# What the exercise asks
With the pictures left out, restate exactly the part below that opens with the line containing "Bengal Half Half" and closes with the line containing "Women's Embroidery Designer".

*** Opening of Record extracts ***

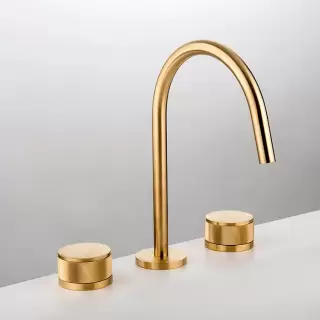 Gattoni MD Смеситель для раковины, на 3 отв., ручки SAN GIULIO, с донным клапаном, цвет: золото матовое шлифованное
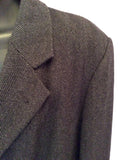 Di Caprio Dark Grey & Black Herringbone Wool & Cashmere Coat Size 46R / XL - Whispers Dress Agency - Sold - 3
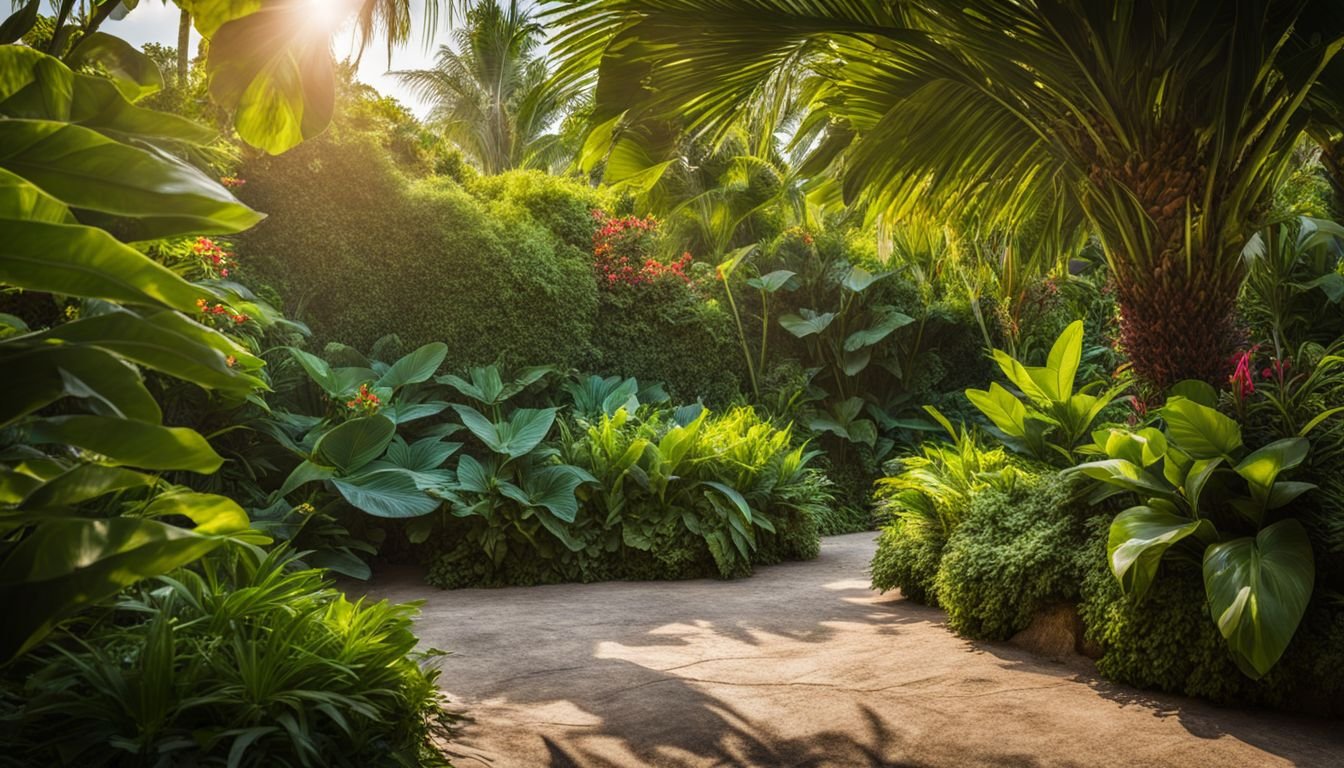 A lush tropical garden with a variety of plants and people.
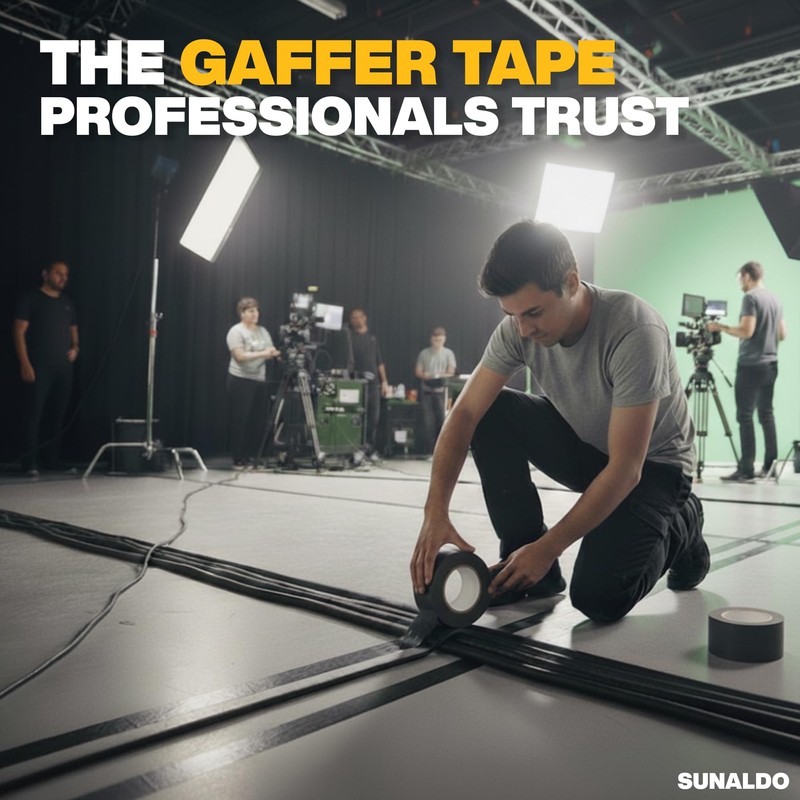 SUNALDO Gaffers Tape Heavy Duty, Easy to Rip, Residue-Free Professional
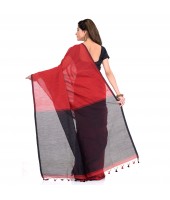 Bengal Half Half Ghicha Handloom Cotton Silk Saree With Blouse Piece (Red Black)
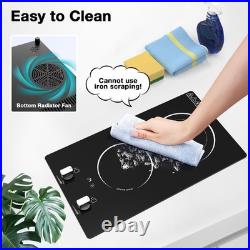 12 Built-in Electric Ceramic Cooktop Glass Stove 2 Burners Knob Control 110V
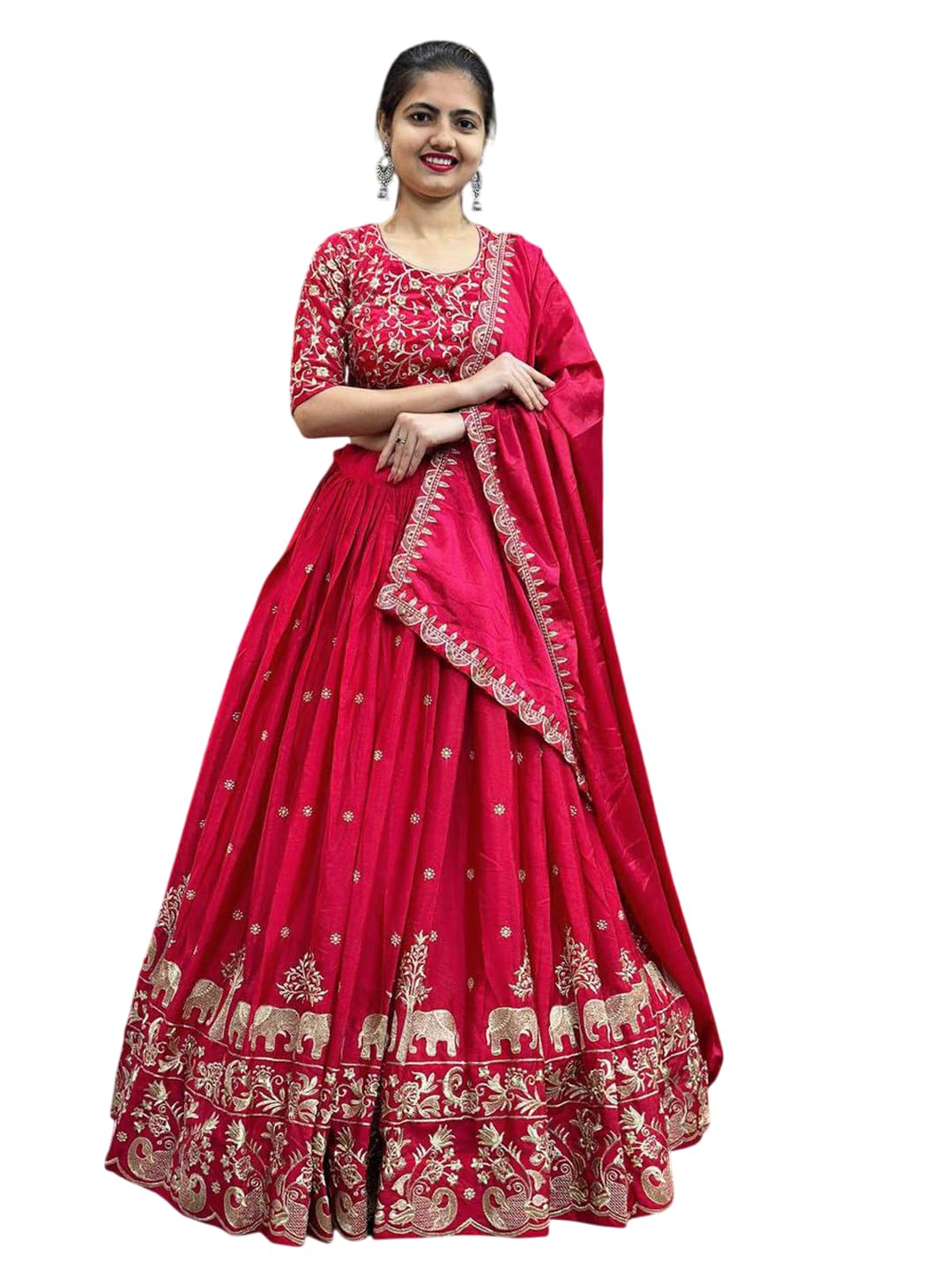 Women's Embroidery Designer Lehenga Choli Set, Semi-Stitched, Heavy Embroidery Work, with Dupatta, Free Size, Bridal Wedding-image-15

*** Close of Record extracts ***
*** Opening of Record extracts ***

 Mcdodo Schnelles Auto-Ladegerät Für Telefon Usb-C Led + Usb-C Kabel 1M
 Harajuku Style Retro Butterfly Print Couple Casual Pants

*** Close of Record extracts ***

# Response to the exercise
 Bengal Half Half Ghicha Handloom Cotton Silk Saree With Blouse Piece (Red Black)
 12 Built-in Electric Ceramic Cooktop Glass Stove 2 Burners Knob Control 110V
 Women's Embroidery Designer Lehenga Choli Set, Semi-Stitched, Heavy Embroidery Work, with Dupatta, Free Size, Bridal Wedding-image-15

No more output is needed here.